- Instructions for the task -
Type the data below again exactly. Omit all pictures.

- Dataset entries -
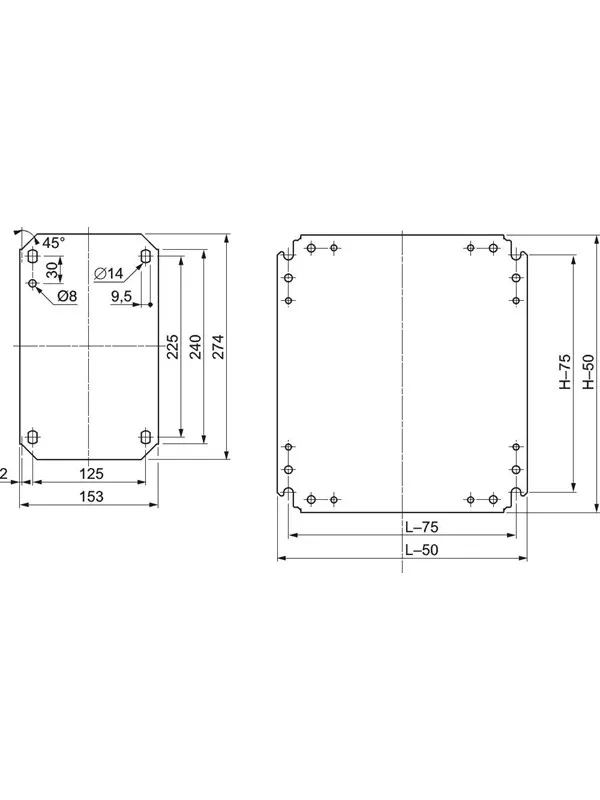 Schneider Electric Plain mount. plate 800x800
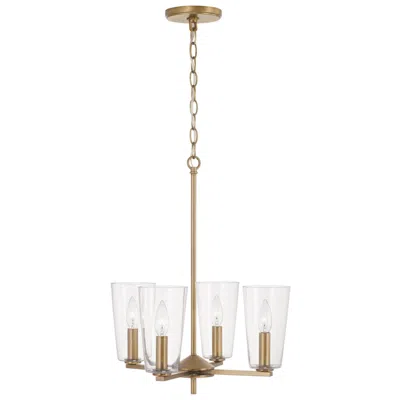 Capital Lighting Homeplace Lighting Portman 4 Light Pendant 17.5" Aged Brass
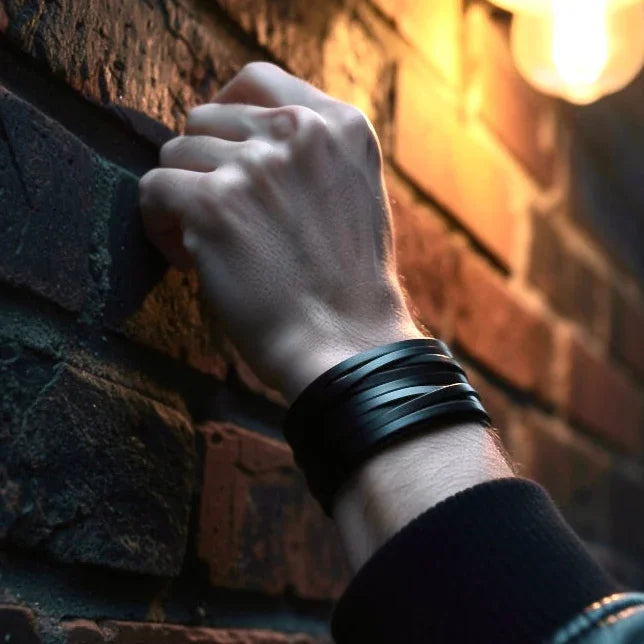 Breites Vintage Lederarmband in schwarz - ManTrend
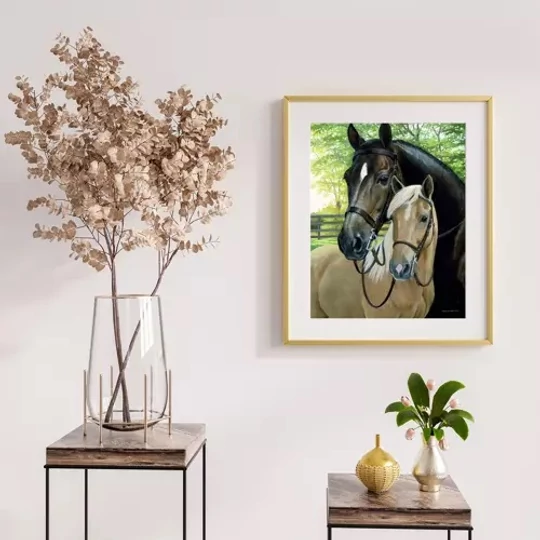 Diamantová mozaiková výšivka, kone, 5 rozmerov, 30 × 40 cm, viacfarebná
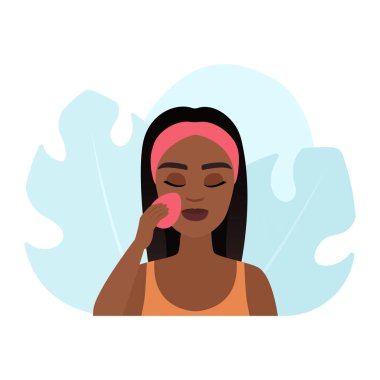 Göz kamaştırıcı makyaj, krema fondöten ve sünger vektör çizimi yapan kız.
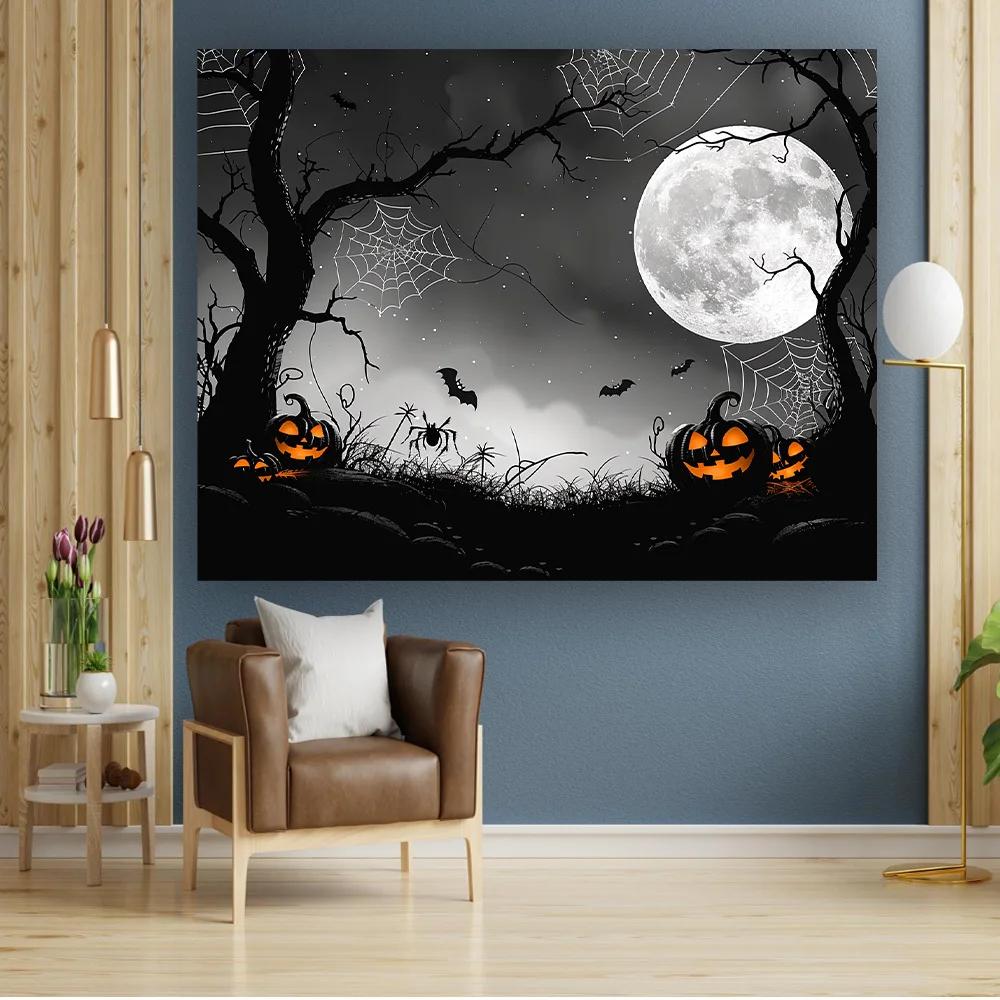 1pc Halloween pumpkin full moon background, suitable for decoration at horror-themed parties or birthday photography.zyc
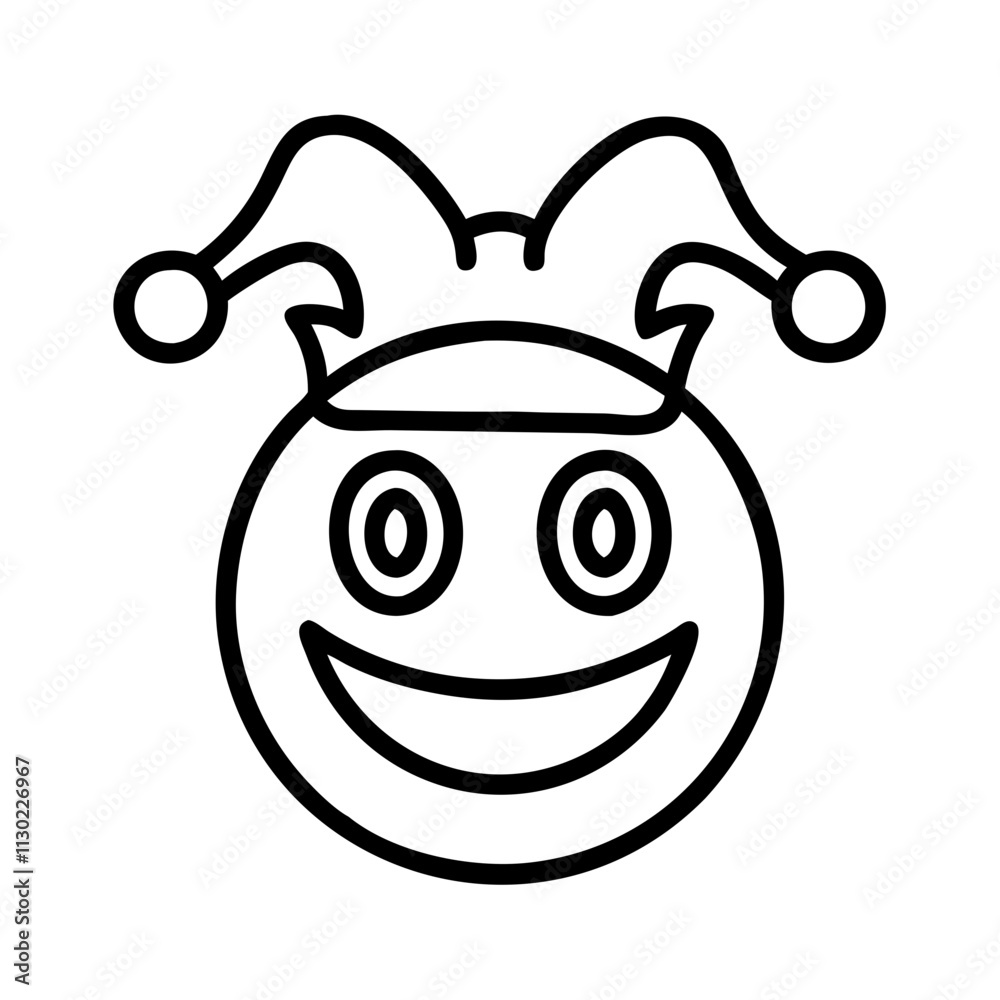 Obraz premium hilarious jester emoji icon, fools day line art, april fools icon - simple black line art icon of hilarious jester emoji, for april fools celebrations fools day vector art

- Answer area -
 Schneider Electric Plain mount. plate 800x800
 Capital Lighting Homeplace Lighting Portman 4 Light Pendant 17.5" Aged Brass
 Breites Vintage Lederarmband in schwarz - ManTrend
 Diamantová mozaiková výšivka, kone, 5 rozmerov, 30 × 40 cm, viacfarebná
 Göz kamaştırıcı makyaj, krema fondöten ve sünger vektör çizimi yapan kız.
 1pc Halloween pumpkin full moon background, suitable for decoration at horror-themed parties or birthday photography.zyc
 Obraz premium hilarious jester emoji icon, fools day line art, april fools icon - simple black line art icon of hilarious jester emoji, for april fools celebrations fools day vector art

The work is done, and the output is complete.